--- EXERCISE GOAL ---
All of the data below must be reproduced word for word, but without its images.

--- COLLECTED MATERIAL ---
--

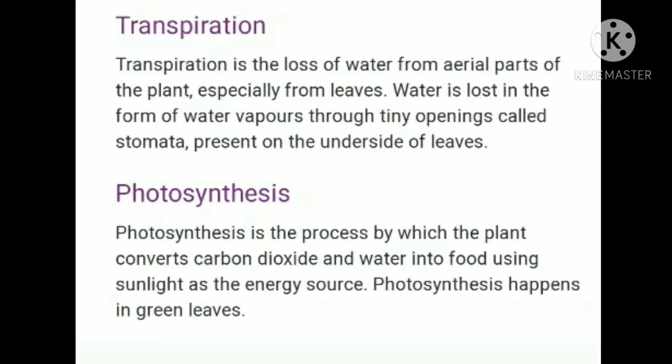Photosynthesis is the process by which plants convert carbon dioxide and water into food using sunlight as the energy source. Photosynthesis happens in green leaves. Leaves prepare their food in the presence of sunlight and chlorophyll, using water and carbon dioxide. Oxygen is given out in this process. The food prepared by the leaves ultimately gets stored in different parts of the plant — fruits, leaves, and some types of flowers. Plants are thus the primary food providers for us.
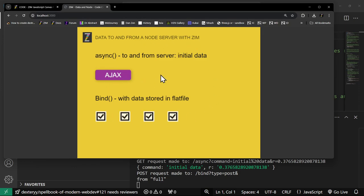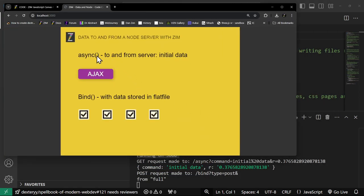And this is that app running. Here's the example we're showing — async to and from server, initial data. So we're actually passing the words 'initial data', and there are the words we've received from async. This is Zim that we've got running here, and we're receiving data from the server with async. Async is basically like AJAX except it runs JSON-P — a way to send JSON back and forth without the security issues AJAX runs into. It uses GET, so it's only for small bits of data.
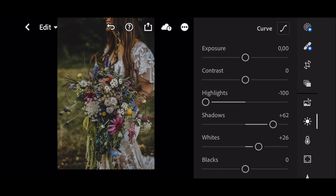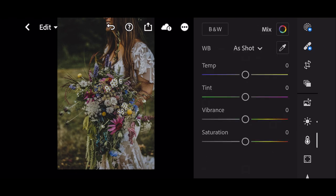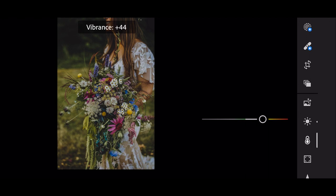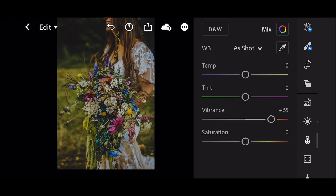Next go to the color panel. Vibrance to plus 65. Saturation to minus 23.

--

--- EXERCISE OUTPUT ---
Photosynthesis is the process by which plants convert carbon dioxide and water into food using sunlight as the energy source. Photosynthesis happens in green leaves. Leaves prepare their food in the presence of sunlight and chlorophyll, using water and carbon dioxide. Oxygen is given out in this process. The food prepared by the leaves ultimately gets stored in different parts of the plant — fruits, leaves, and some types of flowers. Plants are thus the primary food providers for us.
And this is that app running. Here's the example we're showing — async to and from server, initial data. So we're actually passing the words 'initial data', and there are the words we've received from async. This is Zim that we've got running here, and we're receiving data from the server with async. Async is basically like AJAX except it runs JSON-P — a way to send JSON back and forth without the security issues AJAX runs into. It uses GET, so it's only for small bits of data.
Next go to the color panel. Vibrance to plus 65. Saturation to minus 23.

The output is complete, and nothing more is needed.